Alison Croggon on the arts funding crisis and the importance of criticism

In April this year I started working part-time at the Australian Design Centre, in the wonderfully nebulous, newly formed position of Creative Strategy Manager. ADC has been around for more than fifty years now – it began it’s life as the NSW Craft Council back in the 1960s and over the decades has made some extraordinary contributions to the craft and design landscape of Australia. The opportunity to contribute to the organisation’s development at a moment of re-visioning and to bring my ideas and experiences and passions for making and education and partnerships was too good to be true.

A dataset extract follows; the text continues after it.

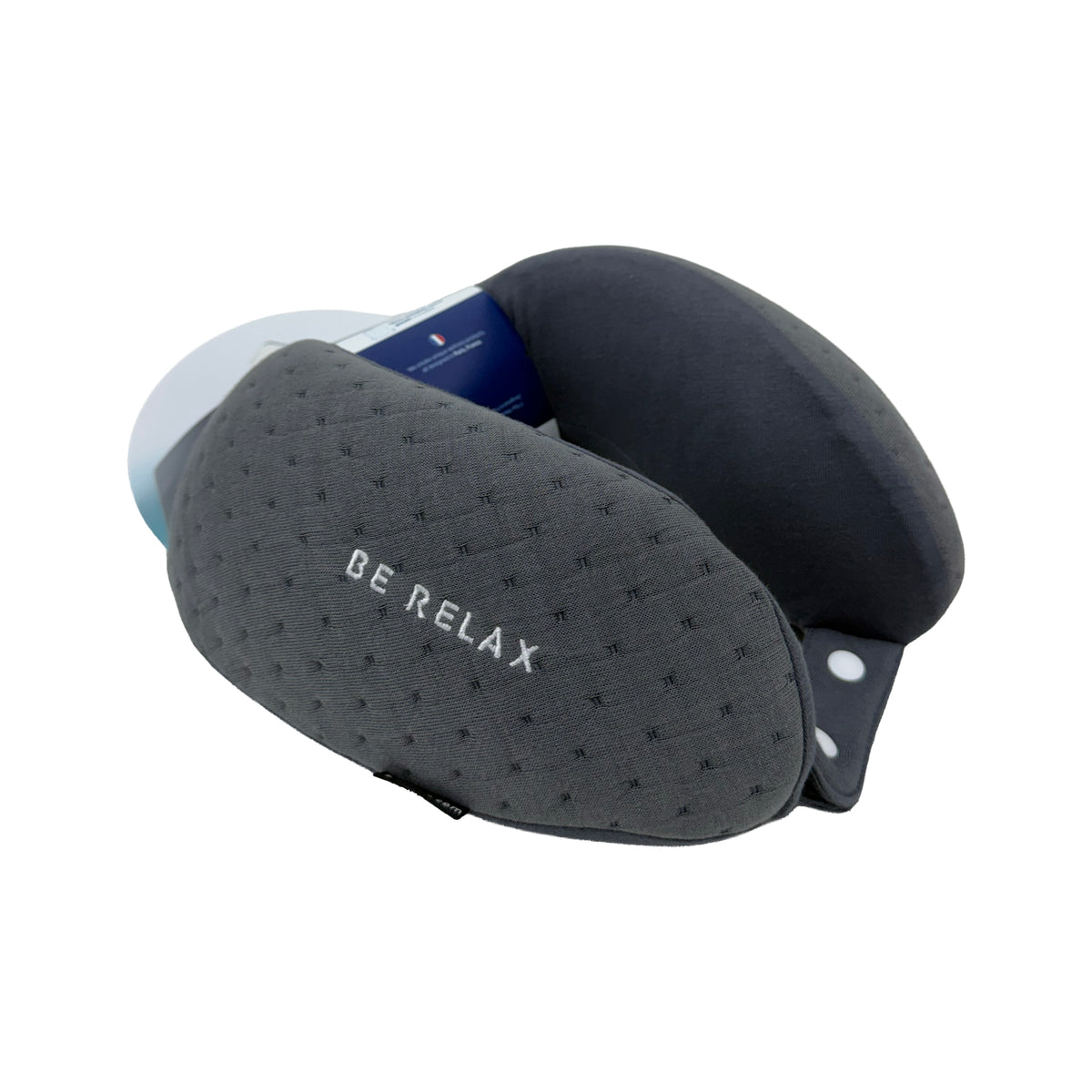 BE RELAX Original Pure Wellness Pillow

And then three weeks later we were one of the 100-plus arts organisations to lose our four-year core funding from the Australia Council for the Arts.

It was like being sucker-punched.

Yes, I despaired for the organisation – but mostly, that instinctive, from-the-gut howl of despair that engulfed me was the feeling, yet again, that the arts don’t matter. And that by extension, the things I stand for, the way I see the world and the way I understand the arts to be a vehicle for critical discussion, enlightenment, learning and community also didn’t matter. As Alison Croggon writes so deftly and angrily and articulately for The Monthly, “Part of the exhaustion of being an arts worker in Australia is that our very existence is continually in public question.” She articulates the fibres of every thought and emotion from the last six months of soul crushing keeping on carrying on with extraordinary eloquence. I can’t recommend her article enough and implore you to read it in full here.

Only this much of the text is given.